After the first LIMBO of 2024, I find myself eager to see how future LIMBO’s will unfold. We started the first LIMBO with some discussion and reading and from that discussion and reading we went on to write our own letters inspired by some readings from The Letter Q: Queer Writers Notes to their Younger Selves. For those interested, some of these letters are available on poets.org.

The letter writing was a divergence from the workshop theme/plan which I had in mind, but in coming to LIMBO, I felt what was important was to find out first where the discussion would lead us. Every announced aspect of the session was a placeholder for what might come up as being more important or beneficial to the participants at the moment. I think the fluidity of conducting meetings in this way might be more helpful/fruitful than creating a set program with activities we nudge participants towards. I think of how participants might come up and say: can we do this instead? Or can we work together on something? I’m curious as to that last part as I do want to try something at a future meeting.

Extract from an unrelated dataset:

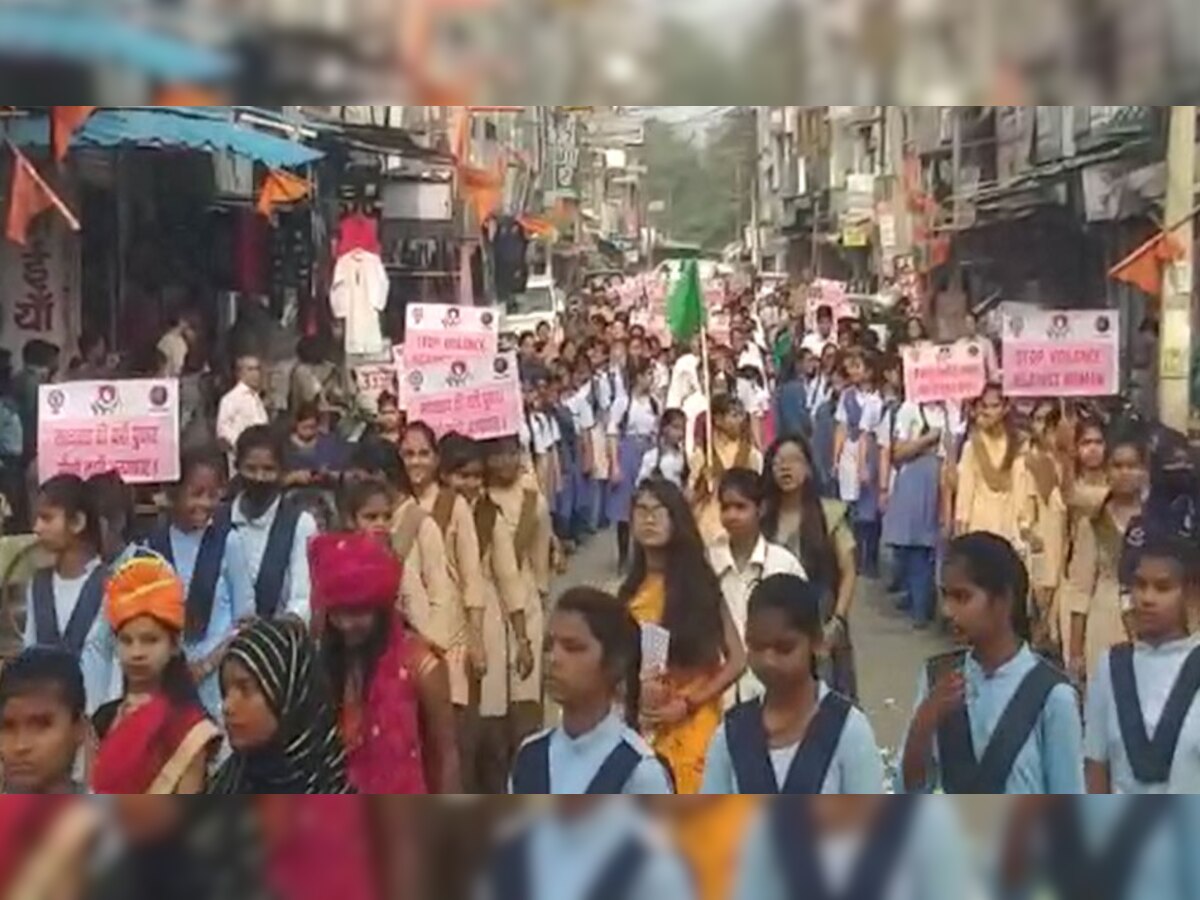 कोटा के रामगंजमंडी में पुलिस ने चलाया महिलाओं से हिंसा के खिलाफ अभियान, निकाली रैली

For me, LIMBO is an ongoing process and it’s one that I find quite joyful. I do wonder how workshop culture would change if we shifted our approach and started asking ourselves: what is it that those coming to the workshop need in this moment? Is it be possible to make room for a different approach and would a consumer-minded society be willing to embrace a workshop that doesn’t clearly label itself from the get-go?

For all the complexity that comes with it, I find LIMBO to be freeing. No doubt there will be difficult moments but LIMBO is about working together to hold and keep this space wherein we can all just be (as one of the participants so beautifully put it) just be human.

Here’s a challenge that mirrors what we did: Read one or two letters from the Letter Q out loud. Give yourself 30 minutes and write a letter to yourself: could be your younger self, your present self or your future self. No editing. No passing judgment on yourself. Just write. Afterwards, read out loud. Ask yourself: what surprised you?

Blessings and peace to you who read and may you find yourself joyfully surprised.